In the hall all the Henrys went by, ducking in and out of the bedrooms, the bathroom. There was the hiss of aerosol spray, the dull whir of the hair dryer. All the running around and good clothes would have been festive if it wasn’t ten A.M. on a weekday, liable to be the hottest day of the year so far, and if the destination weren’t the county courthouse.
As soon as the lawyer pulled into the driveway, Mr. Henry went out, got into the back seat of his car, and closed the door. The rest of the Henrys were all downstairs, ready to go, except for Henry himself.
Mrs. Henry came upstairs. “We’re ready to leave,” she said.
Henry was lying down on the bed. He didn’t move.
“Henry, we can’t be late. Come on now.”
Still nothing. His mother took his arm and began to pull. Henry pulled in the opposite direction.
“I don’t want to fight with you,” she said, leaning back, using her weight and position to good advantage. “It’s for your father. Do this for your father.”
Henry stopped resisting and was pulled off the bed and onto the floor.
“Stand up or you’ll get dusty.”
The lawyer came into his room. “Get up. We have to go.”
Henry lay flat on the floor in his coat and tie. The back of the blue blazer picking up lint balls like it was designed to do that.

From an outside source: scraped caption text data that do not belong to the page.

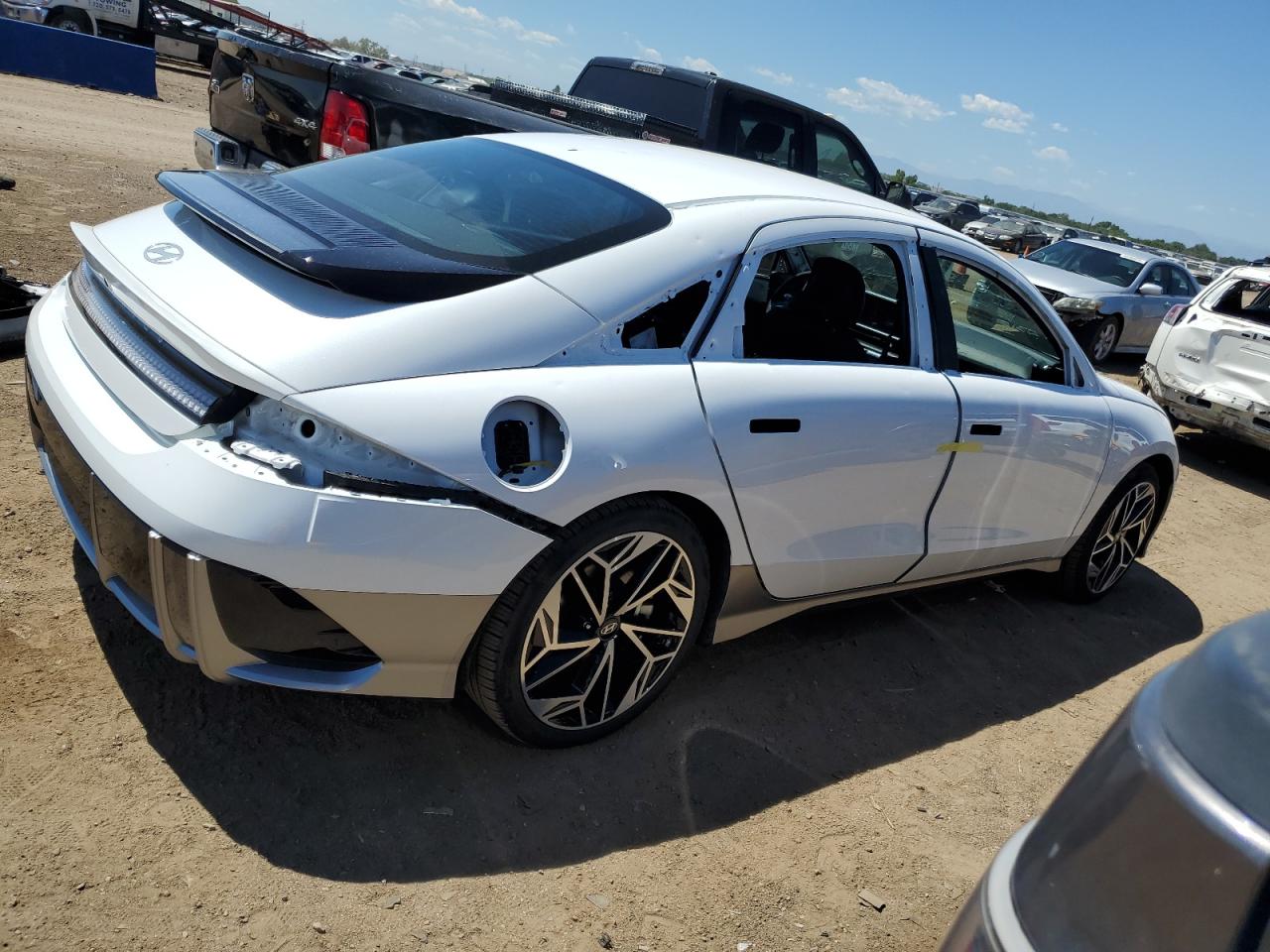 2023 HYUNDAI IONIQ 6 SEL VIN:KMHM34AC2PA046728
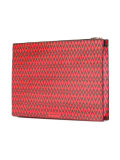 Love clutch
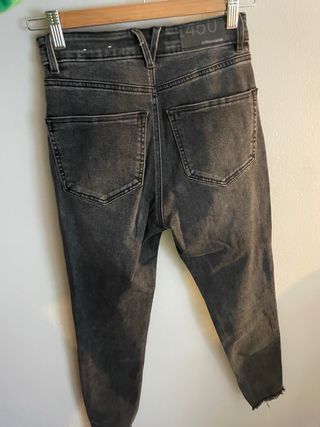 Pantalón vaquero negro Stradivarius Talla 36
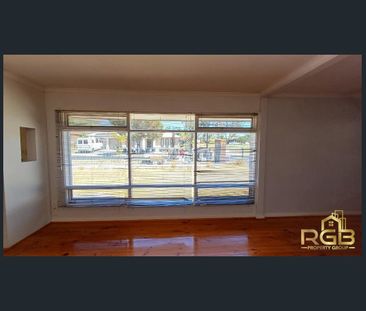 Charming Three-Bedroom Home in Ingle Farm – Perfect for Family Living! - Photo 1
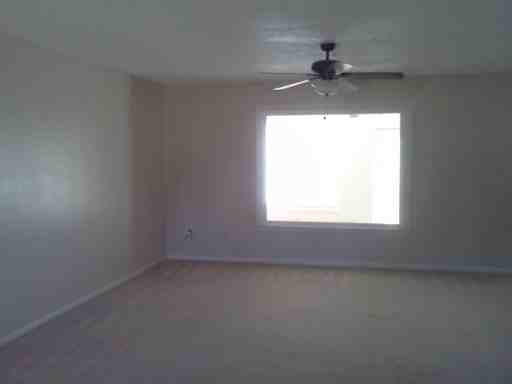 2465 Saddleridge Dr - Photo 3 of 17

“I’m not going,” Henry finally said.
“Oh yes you are,” the lawyer said.
Together, the lawyer and Henry’s mother lifted him to standing. I was sitting in the corner, in the old green corduroy chair that used to be in the living room. For the first time ever I felt like I didn’t belong there, I felt like I was seeing something I shouldn’t, something too private.
“Unless you plan on dragging me the whole way, leave me alone,” Henry said to the lawyer.
The lawyer pushed him back onto the bed. “Do you want me to tell you something?”
Henry shook his head.
“If you don’t sit in that courtroom and act right and if your daddy gets sent to jail, I don’t want you to ever forget that it might be your fault. Just because you felt like being a bogey little brat. Think on that,” the lawyer said, checking his watch.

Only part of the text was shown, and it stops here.